Spor yapmak bu kadar hayatımızın merkezine yerleşmişken, bu ay şehirde son sportif trendlerden biri olan kişisel antrenörlük olayını inceleyelim ve değerlendirme yapmaya çalışalım istedim.
3_0
Zaman: Bu konuya özellikle değiniyorum. Çünkü iyi hocalar genelde çok yoğun oluyor ve programsız olanları “hayır” demeyi bilmiyorlar. Böyle olunca da, hem verim düşüyor hem program yaparken zaman sıkıntısı yaşanıyor, hem de zırt pırt antrenman saatleriniz değişiyor. Gün içinde sekiz ders yapmış bir antrenörün zaten pestili çıkmış oluyor. Size geldiği zaman istemeden de olsa, yorgunluktan “bitse de gitsek” modunda olabiliyorlar. Zaman konusunu ve öğrenci sayısını mutlaka öğrenin, endişenizi açıkça belirtin ki ileride sorun olmasın.
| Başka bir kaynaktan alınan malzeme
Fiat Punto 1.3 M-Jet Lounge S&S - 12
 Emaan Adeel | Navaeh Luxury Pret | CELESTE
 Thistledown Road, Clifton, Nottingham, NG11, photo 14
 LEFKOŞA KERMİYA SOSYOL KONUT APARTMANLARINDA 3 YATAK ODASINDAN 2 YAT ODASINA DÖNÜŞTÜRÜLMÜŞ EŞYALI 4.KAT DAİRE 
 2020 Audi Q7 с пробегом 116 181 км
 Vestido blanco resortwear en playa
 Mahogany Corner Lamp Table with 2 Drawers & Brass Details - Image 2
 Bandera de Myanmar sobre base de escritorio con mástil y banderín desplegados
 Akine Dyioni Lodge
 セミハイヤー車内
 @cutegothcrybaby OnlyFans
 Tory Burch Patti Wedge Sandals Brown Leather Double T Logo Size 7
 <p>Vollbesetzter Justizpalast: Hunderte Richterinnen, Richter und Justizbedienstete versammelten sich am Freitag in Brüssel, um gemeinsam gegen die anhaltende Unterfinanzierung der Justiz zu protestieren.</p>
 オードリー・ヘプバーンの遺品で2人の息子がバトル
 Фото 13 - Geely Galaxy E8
Sporcu olsun: Antrenörün sporcu geçmişini mutlaka öğrenin. Çocuklukta az da olsa spor yapmış bir antrenörün daha disiplinli, hedefe odaklı ve yüksek motivasyonlu olma ihtimali, hiç spor yapmadan muhteşem üniversite sistemimiz sayesinde spor akademisine girmiş ve zorlamayla meslek sahibi olmuş birisinden kesinlikle daha fazladır. Bir antrenörün illa ki eski bir şampiyon olmasına gerek yoktur ancak bu konu aynı zamanda spor çeşitliliği yaratırken çok faydalı olacaktır. Örneğin açık havada çalışacağınız bir gün, antrenörünüz sizinle koşabilecek kapasitede olmalı, size tempo verebilmeli, sizinle az da sohbet edebilmeli ki antrenman daha eğlenceli olsun. Yani özetle kişisel antrenörünüz göbekli olmasın!